It was a typical Saturday morning. In the warm morning Queensland autumn sun, I find myself domestically inclined outside. Calmly tapping my foot along to the music I hear inside the house. Weekend laundry was a bearable chore when enjoying the orchestral rich tunes of Duke Ellington and his band pouring through the windows.
I am not sure what distracted me from my task, but out of the blue I am aware of the deliberate nature of my hands, purposefully pegging my clothes on the line. I stare for a moment, at my hands, and it is almost like I notice them for the first time, in quite some time.
I detect how my hands have aged. Fortunately, they appear to have aged gracefully, but they certainly have aged.

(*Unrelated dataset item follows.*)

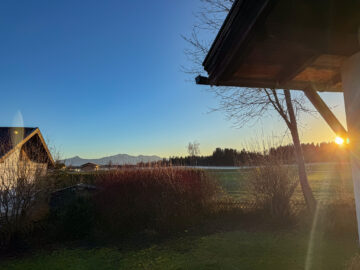 EFH zur Sanierung in traumhafter Lage mit unverbaubarem Bergblick, 83125 Eggstätt, Einfamilienhaus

Then I think of my paternal grandmother, the only grandparent I knew. She passed away just shy of her 91st birthday, over 20 years ago. I was only young at the time so my memories of her are sketchy. Incomplete. Full of holes. But I do vividly remember one thing. Bach, Chopin, Schubert. Her expert hands, flying across the ivories of her grand piano. Her barely 5 ft frame being swamped by the size of the piano, but her commanding every single key. She was in full control of the music. It was hers.

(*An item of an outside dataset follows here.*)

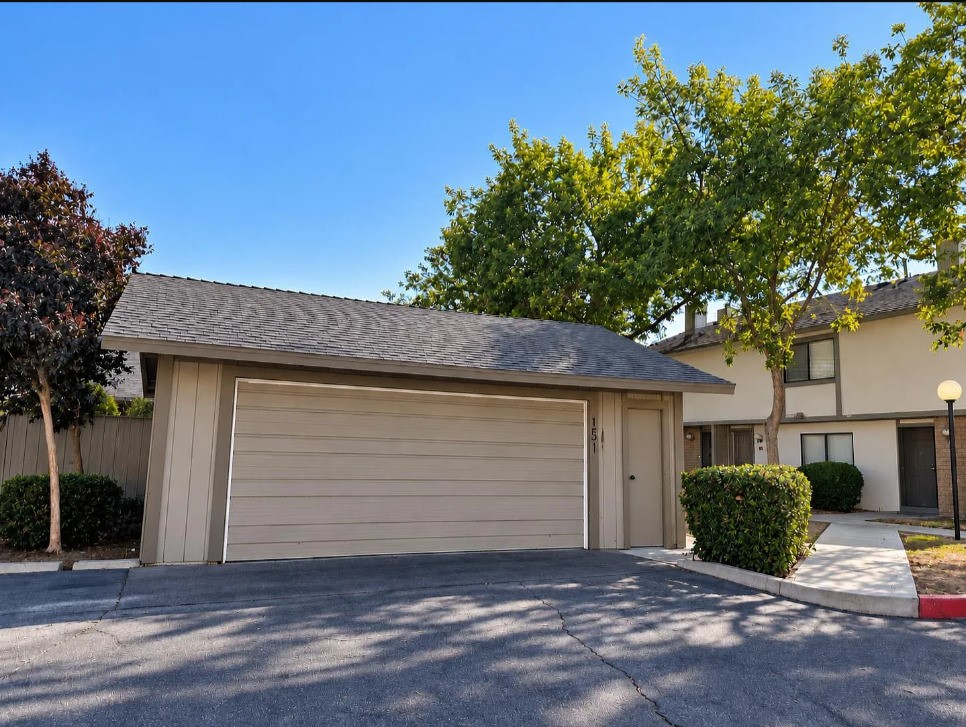4747 N Woodrow, Fresno, CA 93726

Even at 90, her aged, arthritic hands, which had become stiffened and less mobile over the years, did not slow her down enjoying one of her greatest pleasures in life. Playing her piano. Classical piano.
I thought again of my own hands later that day as I worked with this sweet bread dough. Wondering, hoping, praying that in the decades ahead, I too will be able to push through any pain and be able to enjoy my love of baking, always.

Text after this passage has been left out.